Addressing Citi is not as complex as people (mostly within the NY Fed and Treasury) argue it is.
Part of the problem is the visceral and gut reaction people have to the word “nationalization”. We must remember that word, like love, means different things to different people. The FDIC ‘nationalizes’ depository institutions every week – they seize them and either do open market sales of the viable
businesses to strategic buyers (sometimes with imputed bridge financing) or they wind down the institution. During this process the law requires a parent holding company to act as a source of strength to its depository.

We could do this with Citi. Yes, it is a larger scale than typical but it is achievable. As a friend said “let the FDIC be the FDIC”. Depending on the capital we need to provide up-front we should expressely wipe out or dilute – on a dollar for dollar basis – the equity, we can then provide 6-9 months of bridge financing which would finance operations while it was being sold off in pieces. We could then begin to auction off business units. As this process unfolds it will become clearer how large the losses will be after considering depositors and secured debt holders. As the process goes on the Company will become smaller and more manageable and investors up the capital structure will have more insight into the value of their preferred or debt investments. Depositors are insured, as are certain debt holders, the government would be wise to say this every time they walk out in public.

There are only a couple of large banks that are likely to find themselves in such a critical condition that they might be handled this way – making the process manageable. If we provided bridge funding to acquirers of some of their units some of those buyers might actually become healthier. Remember, this doesn’t even necessarily mean that the government will replace existing management at this time. Prior to the current, failed, approach to Fannie and Freddie, the managements of those companies rant
them under a very effective consent decree for several years.
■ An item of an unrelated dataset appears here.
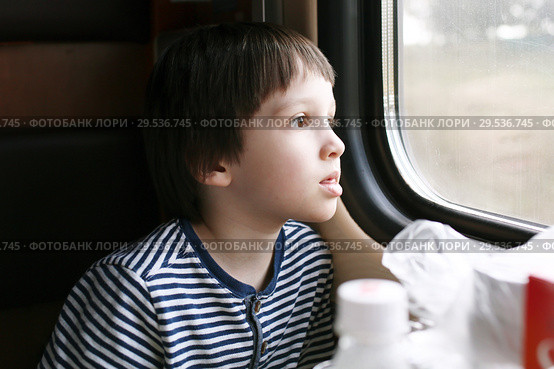Lovely little boy looks out of window in the train. Стоковое фото, фотограф ivolodina / Фотобанк Лори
That is the management template.

I must add that, unlike the usual public process of proposed rulemaking which puts forward and idea and then seeks public comments to be considered and incorporated into the, this Treasury continues in the opaque and secret manner of the last Treasury. They hold secret meetings with select
interested parties, as they are doing today and tomorrow on the modification plan, and thus create an unleveled playing field. More importantly, this approach is precisely the reason that they are not trusted and that the markets are selling off.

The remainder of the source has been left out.